On 08.07.26 18:48, Paul A Jungwirth wrote:
On Tue, Jul 7, 2026 at 7:07 PM Tom Lane <[email protected]> wrote:

Paul A Jungwirth <[email protected]> writes:
On Tue, Apr 21, 2026 at 8:24 AM Tom Lane <[email protected]> wrote:
Checking this at parse time is completely the wrong thing.
The view could have gained (or lost) triggers by the time
it's executed.

But INSTEAD OF triggers are selected in the rewriter, which uses the
same relcache snapshot as parse analysis. And a concurrent change
can't sneak in different triggers, because that causes a relcache
invalidation, so we redo the parse & rewrite phases.

You have forgotten about views and rewrite rules.  Those go to disk in
post-parser form, and will be rewritten only at execution sometime
later, *without* a re-parse.

Ah yes, thank you! I should have been able to work that out.
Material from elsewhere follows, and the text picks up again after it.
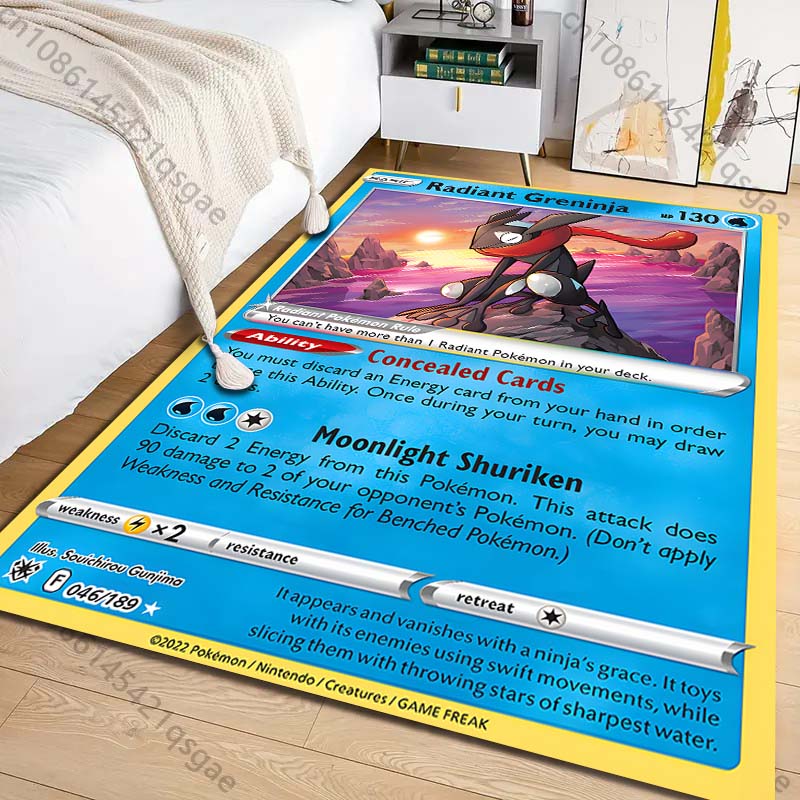 1PC ポケモングレンニンジャカードプリントカーペットリビン - Commercial Printing Format のレビューと価格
Here is another patch series. No code changes, but I inserted a new
patch with tests showing that parse-time checking crashes, but
rewrite-time and exec-time checking catches the forbidden statement.
So the series is:

v1: parse-time check, tests pass
v2: add tests that crash the server
v3: rewrite-time check: tests pass
v4: exec-time check: tests pass

What do you want to do with these? Here you list them as four different versions, but the attachments are four incremental patches of the same version. Do you propose to apply all of them?

It seems we definitely do want the exec-time check. And I can see maybe the parse-time check as an additional user-friendliness feature. But maybe we don't need to check three times?